Trading With Rising Sun Candlestick Pattern
The Rising Sun (Piercing Line) is a bullish reversal candlestick pattern formed after a downtrend. A strong bearish candle is followed by a bullish candle that closes above the midpoint of the previous body, signaling potential buyer control. It is most reliable when confirmed by support, structure shifts, or additional confluence factors.

The Rising Sun is a bullish reversal candlestick pattern that appears after a downtrend and signals a potential shift from selling pressure to buying strength. It is essentially the Japanese term often associated with what Western traders call the Piercing Line pattern. Structure of the Pattern

Formation:
First Candle– Strong bearish candle (long red/black body).
Second Candle– Bullish candle that:
- Opens below the previous candle’s low (gap down — more visible in indices than currency pairs).
- Closes above the midpoint of the first candle’s body.
- Does not fully engulf the previous candle (if it does, that becomes Bullish Engulfing).
Market Psychology
Let’s break it down from an order-flow perspective:
- Sellers dominate the first session.
- Market opens lower the next session → continuation expectation.
- Buyers step in aggressively.
- Close happens above 50% of previous bearish body → bearish conviction weakens.
This shows demand absorption and potential shift in control.
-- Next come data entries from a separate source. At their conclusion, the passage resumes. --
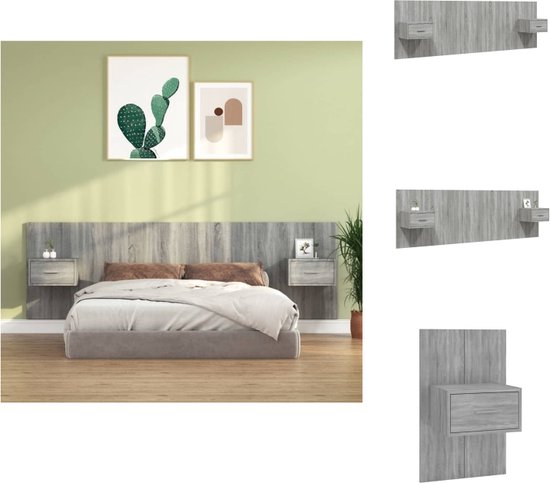 vidaXL Hoofdbord - Nachtkastjes - 160x1.5x80 cm - Grijs Sonoma Eiken - Stevig materiaal - wandmontage - opbergruimte - Bedonderdeel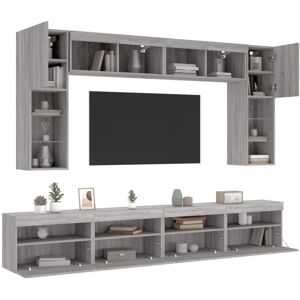 Vidaxl Ensemble De Meubles Tv Muraux 8 Pcs Et Lumières Led Sonoma Gris - Publicité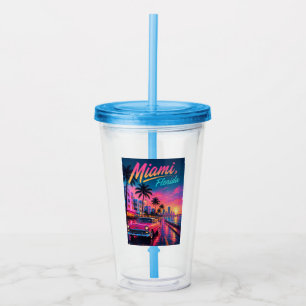 Miami Florida Retro Neon Sunset Travel Acrylic Tumbler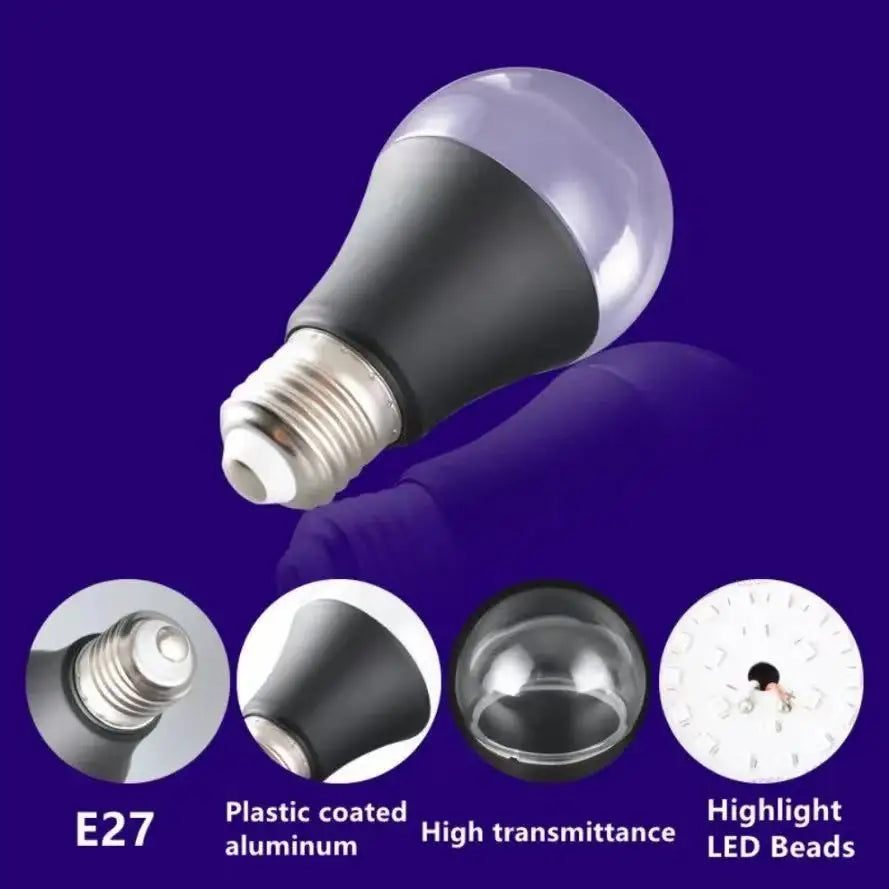 12W UV Purple LED Light Bulb AC 85-265V PurpleTransparent Cover Hotel Party Ghost House Fluorescent Atmosphere Decoration Light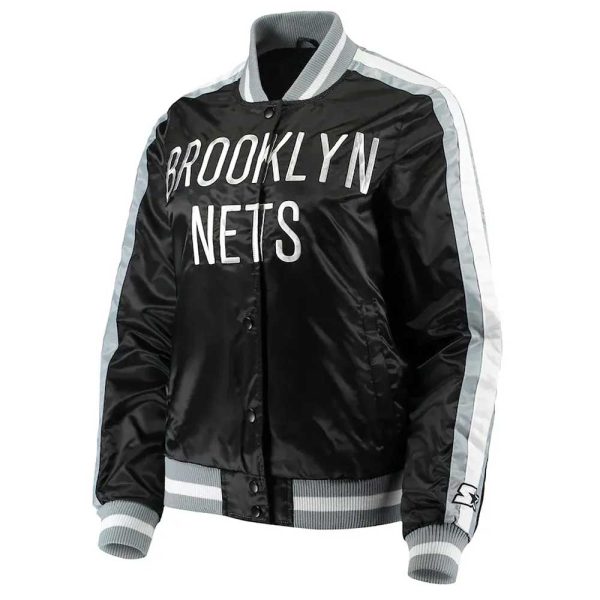Competition Brooklyn Nets Black Satin Jacket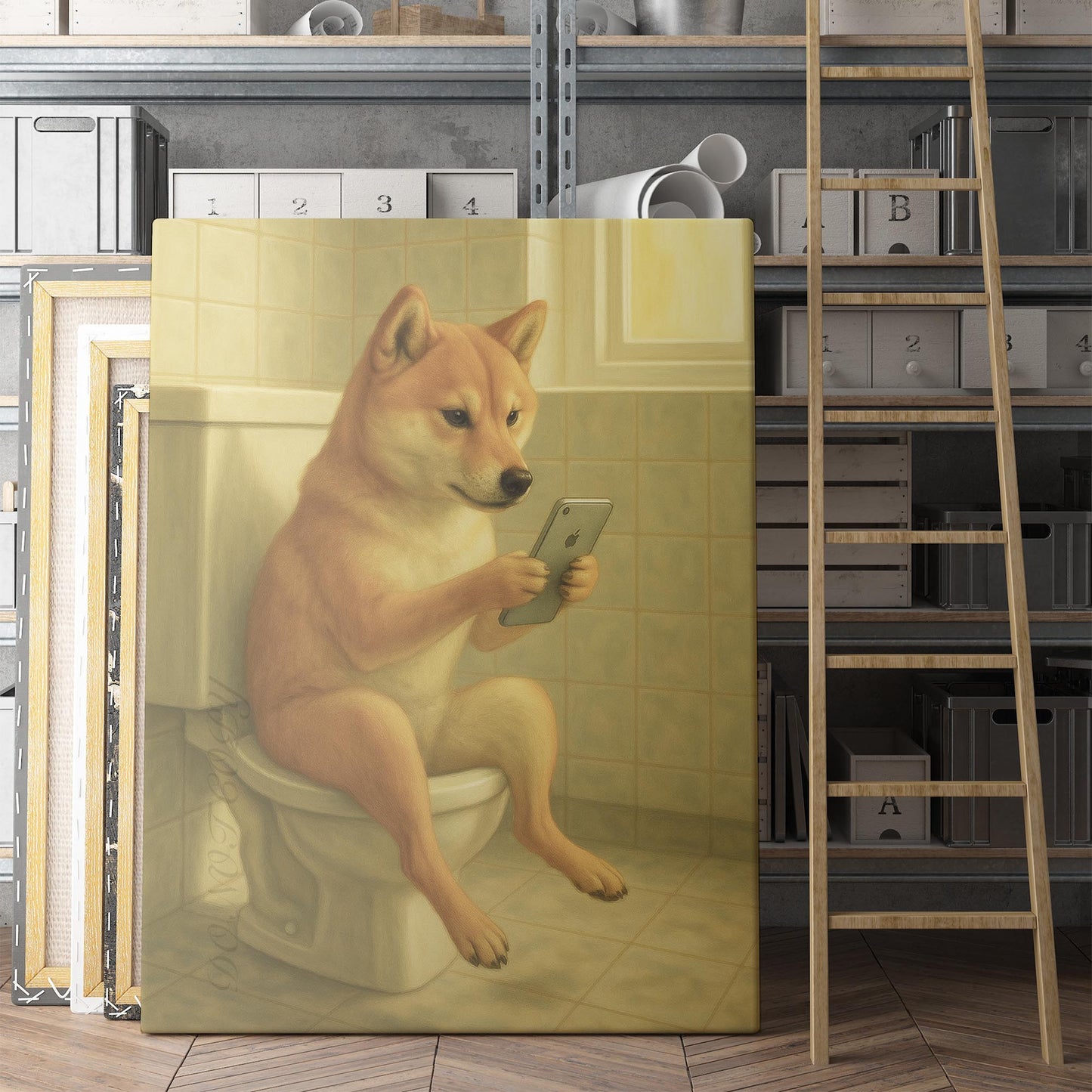 Shiba Inu On The Phone On The Toilet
Take a look at the picture below:

In the picture, you can see a shift in psychology of traders since the appearance of piercing line candlestick- from bearish to bullish.
In some currency pairs like EURUSD, the gap condition is often absent because the market trades almost 24 hours, and you may only see this on daily chart. What matters more is:
- Strong bearish candle
- Strong bullish candle closing beyond midpoint
Key Conditions for High Probability
For better trade quality, a rising sun candle should:
Occurs at support level
Appears after a*clear downtrend
Confluence with:
- RSI oversold
- Demand zone
- Fibonacci retracement (50%–61.8%)
- Liquidity sweep below prior low
Volume confirmation (in indices) strengthens it significantly. Now, take a look at the picture below, where we compared a rising sun candlestick with it's a bullish engulfing candlestick.

Engulfing shows stronger imbalance shift.
Trading Approach (Practical)
Entry:
- Conservative: Wait for next candle to break the high of the bullish candle.
- Aggressive: Enter at close of bullish candle.
Stop Loss:
Below the low of the pattern.
Target:
- Next resistance
- 1:2 RR minimum
- Structure high
The Rising Sun is reliable only in context. Alone, it is weak. When combined with:
- Structure shift
- Liquidity grab
- Strong imbalance
- HTF support
It becomes powerful.
In modern price action trading, We see it as a confirmation tool, not a primary signal.